* _COLLECTED MATERIAL_
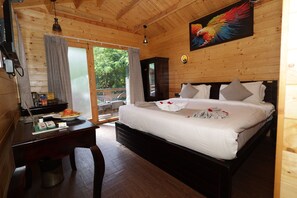 豪華雙人房, 山景 | 書桌、熨斗/熨衫板、免費 Wi-Fi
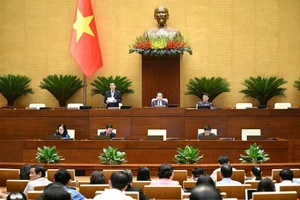 Chiều 23/5, Quốc hội thảo luận về việc bổ sung ngân sách chi thường xuyên (nguồn viện trợ không hoàn lại nước ngoài) năm 2025.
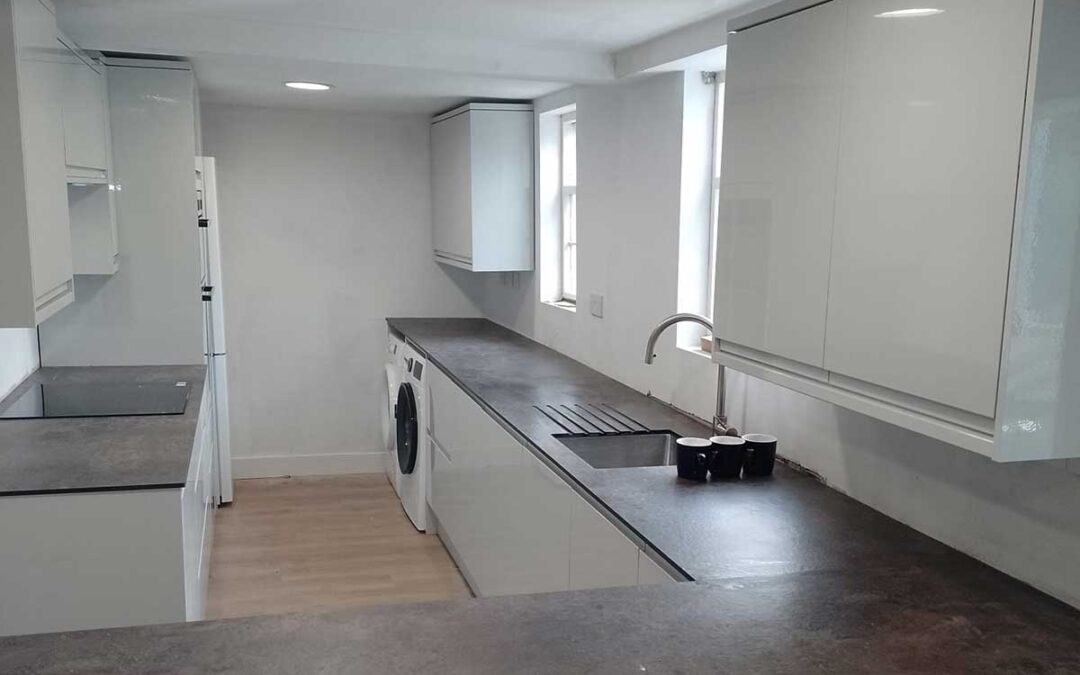 Kitchen refurbishment by Whitechappell Property Maintenance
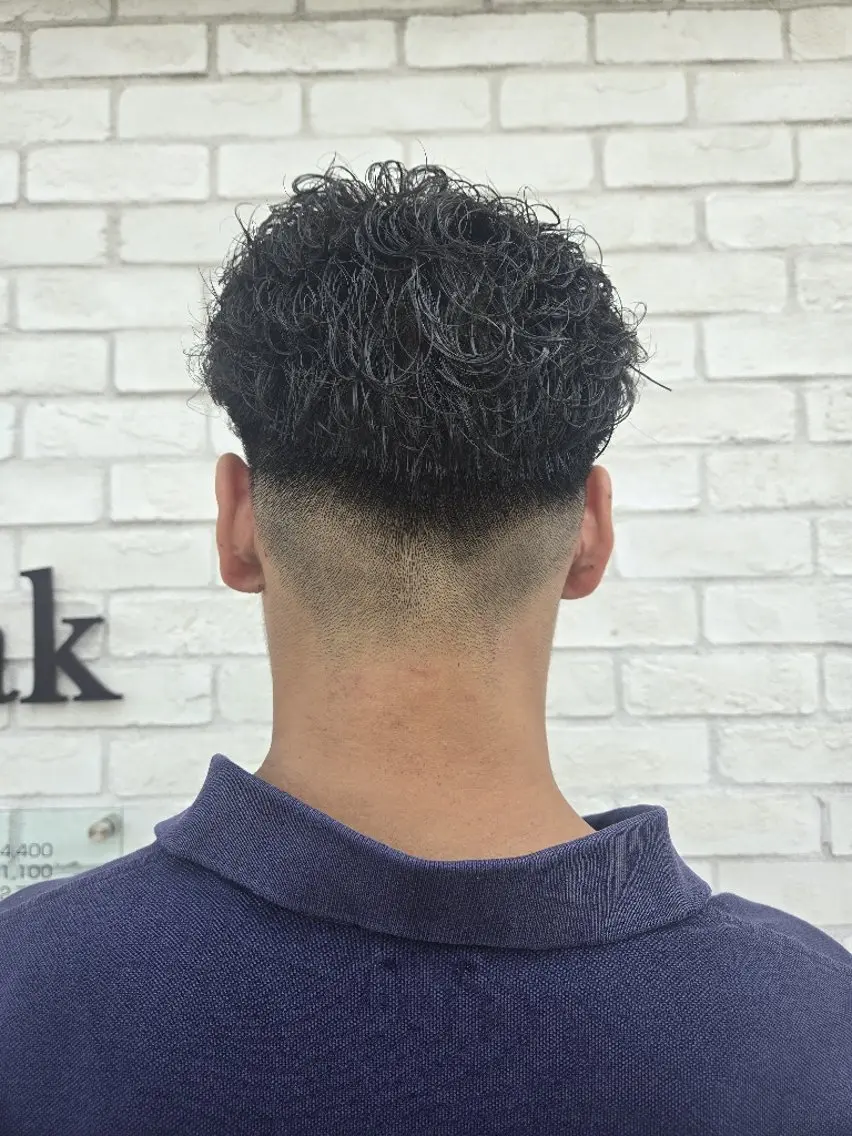 メンズ フェードカット preak TOMOのヘアスタイル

* _WHAT THIS TASK INVOLVES_
A word-for-word copy of all the data, without pictures, is the expected output.

* _RESULT BELOW_
 豪華雙人房, 山景 | 書桌、熨斗/熨衫板、免費 Wi-Fi
 Chiều 23/5, Quốc hội thảo luận về việc bổ sung ngân sách chi thường xuyên (nguồn viện trợ không hoàn lại nước ngoài) năm 2025.
 Kitchen refurbishment by Whitechappell Property Maintenance
 メンズ フェードカット preak TOMOのヘアスタイル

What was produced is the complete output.